• [Work order]: Images are to be dropped, and the rest of the data reproduced exactly.

• [Dataset content]:
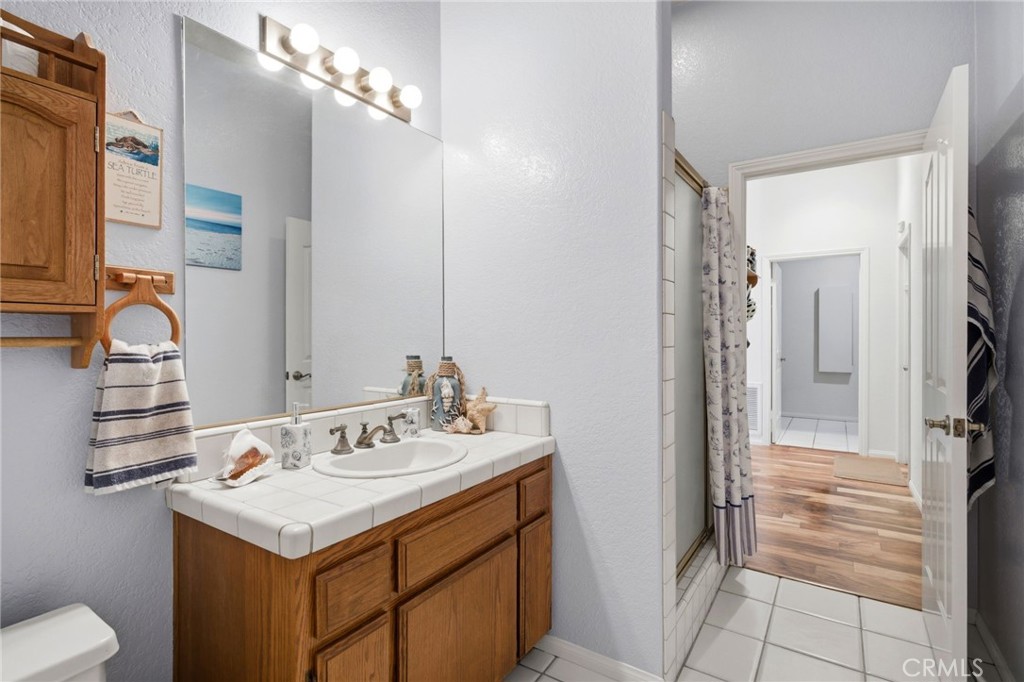 30401 Cool Valley Highlands Road Valley Center, CA 92082 - Photo 16 of 35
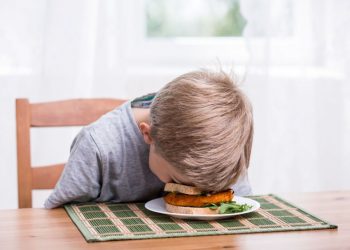Picky eater: Ο χαρακτήρας του παιδιού επηρεάζει το τι επιλέγει να φάει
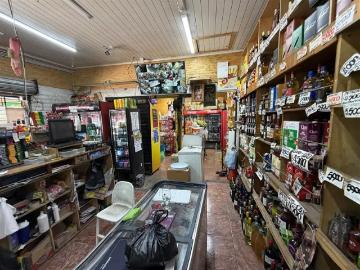 Venta de botilleria minimarket a puerta cerrada con patentes | espacio, 300000. 00 en Maipú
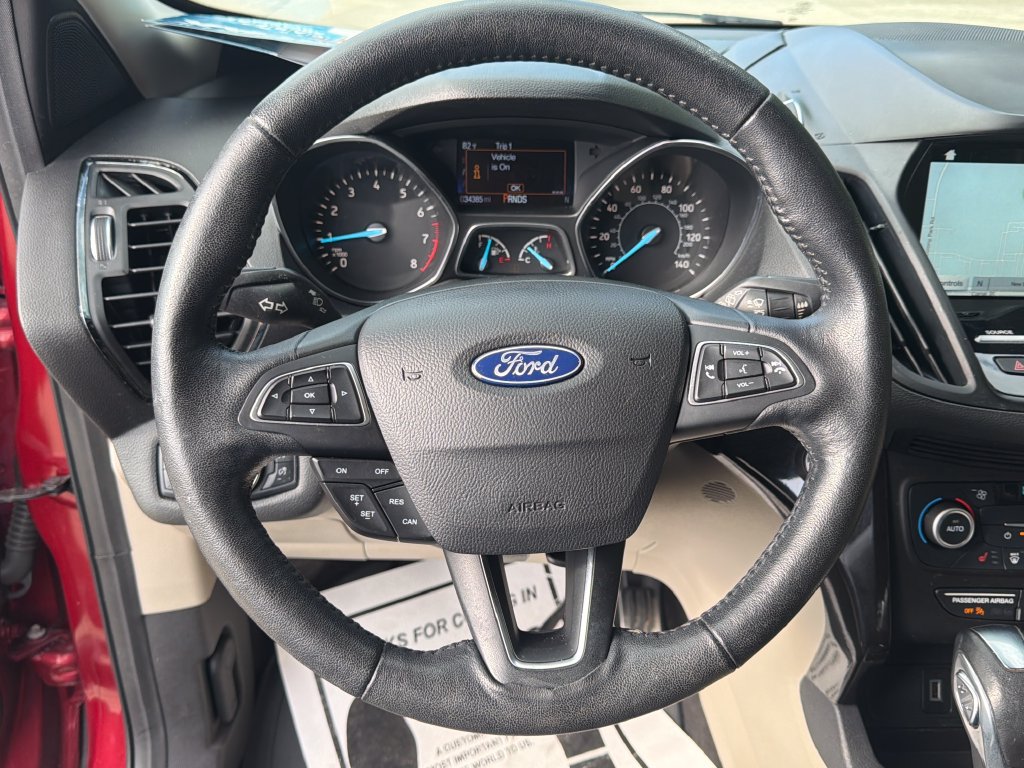 Certified 2019 Ford Escape Titanium FWD image 17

• [Written answer]:
 30401 Cool Valley Highlands Road Valley Center, CA 92082 - Photo 16 of 35
Picky eater: Ο χαρακτήρας του παιδιού επηρεάζει το τι επιλέγει να φάει
 Venta de botilleria minimarket a puerta cerrada con patentes | espacio, 300000. 00 en Maipú
 Certified 2019 Ford Escape Titanium FWD image 17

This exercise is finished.